Pinoy workers power Taiwan’s tech industry

Kristy Hsu, director of the Taiwan ASEAN Studies Center at the Chung Hua Institution for Economic Research (CHIER), said Filipinos now outnumber other foreign workers in Taiwan’s technology companies, with many employed in the largest companies.
AFP/File

MANILA, Philippines — Filipino workers continue to power Taiwan’s electronics and technology industry, a visiting expert from a Taiwan-based think tank said.

Kristy Hsu, director of the Taiwan ASEAN Studies Center at the Chung Hua Institution for Economic Research (CHIER), said Filipinos now outnumber other foreign workers in Taiwan’s technology companies, with many employed in the largest companies.

“We have 122,000 Filipino workers in Taiwan. If you look at the breakdown of sectors, you will find that Filipino workers have a unique presence in computer and electronics [technology]. More than 60 percent of foreign workers in electronic parts [assembly] are from the Philippines. Filipino workers make up a major workforce in [Taiwan’s] large companies,” she said during a recent public symposium jointly held by the Philippine Institute for Development Studies (PIDS), Philippine APEC Study Center Network and CHIER.

Despite the country’s huge contribution to Taiwan’s labor force, Taiwanese investments to the Philippines remains low compared with other Southeast Asian countries such as Thailand, Singapore, Malaysia and Vietnam, Hsu said.

She said this is largely due to the greater ease in doing business in less democratic governments.

“Unfortunately, only about three percent of our total investments goes to the Philippines. About one-third of our total investments goes to Vietnam. Why? [This is] because of the population and government.

Less democratic governments tend to be more efficient,” she said.

But with Taiwan’s Southbound Policy in full swing, Hsu expressed confidence that the economic ties between Taiwan and the Philippines will become stronger.

“In recent years, the bilateral relations [between the two countries] have moved toward a full-fledged partnership and friendship [by] entering into broader areas of cooperation such as trade, investment, education, labor, and human resources, including tourism, and [now] smart agriculture or aqua-agriculture,” she said.

She also noted that the Philippines is currently Taiwan’s fourth largest partner in terms of trade volume, next to Singapore, Malaysia and Vietnam.

Meanwhile, Manila Economic and Cultural Office (MECO) chairman and resident representative Angelito Banayo said they will assist Taiwanese companies and investors who have plans of setting up businesses in the Philippines.

“We want to position the Philippines as the gateway of Taiwan to markets identified in its new Southbound Policy and as a hub for its global market access strategies,” he said.
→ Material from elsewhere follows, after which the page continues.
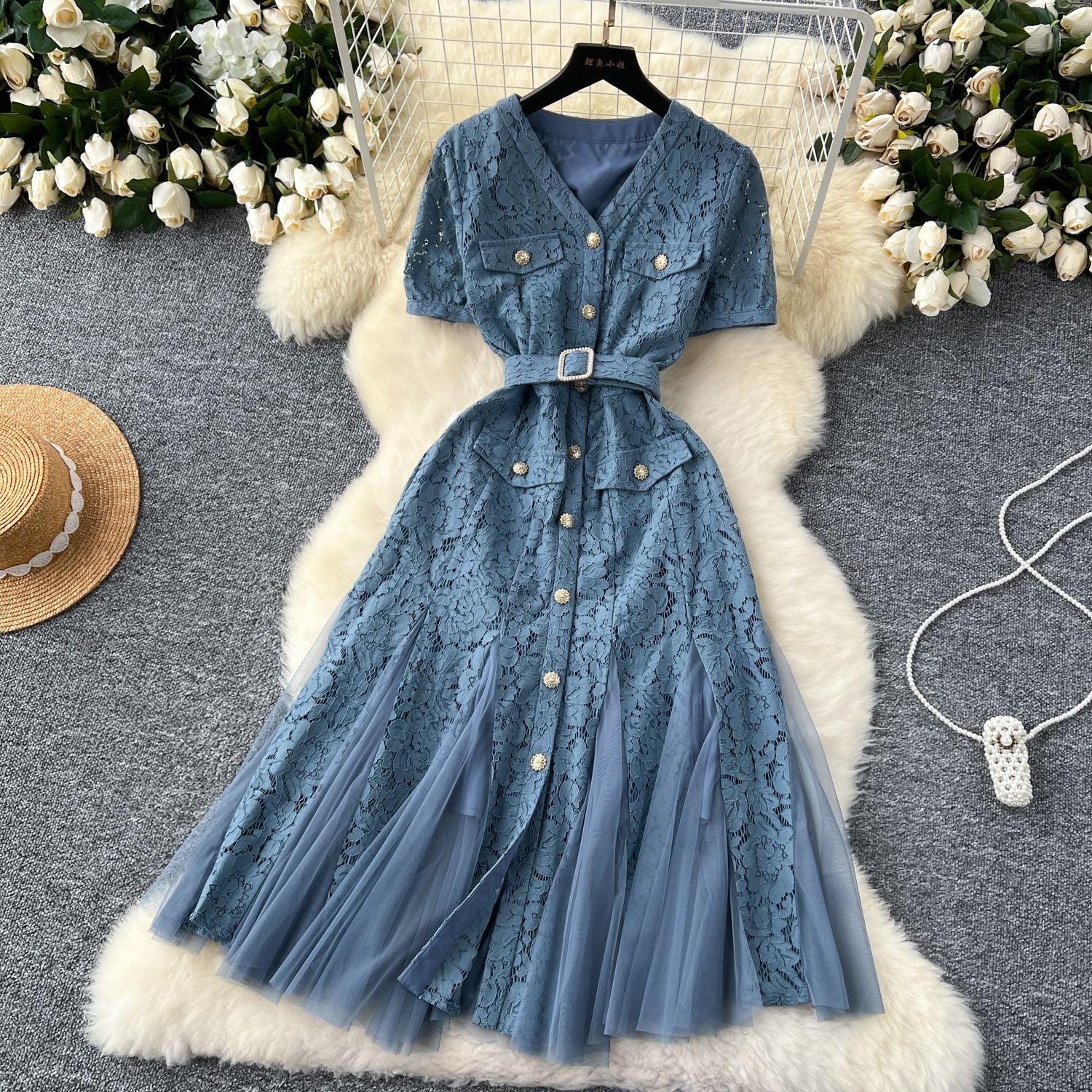 Women French V-Neck Metal Buttoned Mesh Patchwork Lace Ruffle Dress 20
Banayo noted that in December 2017, MECO and the Taiwan Economic Cultural Office signed a new bilateral investment protection and promotion agreement, the first among ASEAN countries, to lay a strong foundation for investments coming from Taiwan.

Wistron, a computer manufacturing outfit of Acer Inc., Taiwan’s biggest computer firm, which left the Philippines for China in 2010, has decided to return and resume its major manufacturing operations in Subic last year. As a result, seven of the firm’s supply chain partners have followed suit and are now putting up shops in the country.

The New Kinpo Group, the maker of electronic products under the brands Toshiba, Daisun and Hewlett Packard, has also announced that it will establish its Southeast Asian hub in the Philippines.  Banayo shared that the firm will also expand its current workforce in the country, from the current 10,000 to 18,000 full-time employees within the next two years.

Banayo  said that while most of these electronics-based investments will have lower value effects on the country’s gross domestic product, they will help generate jobs, “which is of great socioeconomic value to a country like the Philippines.”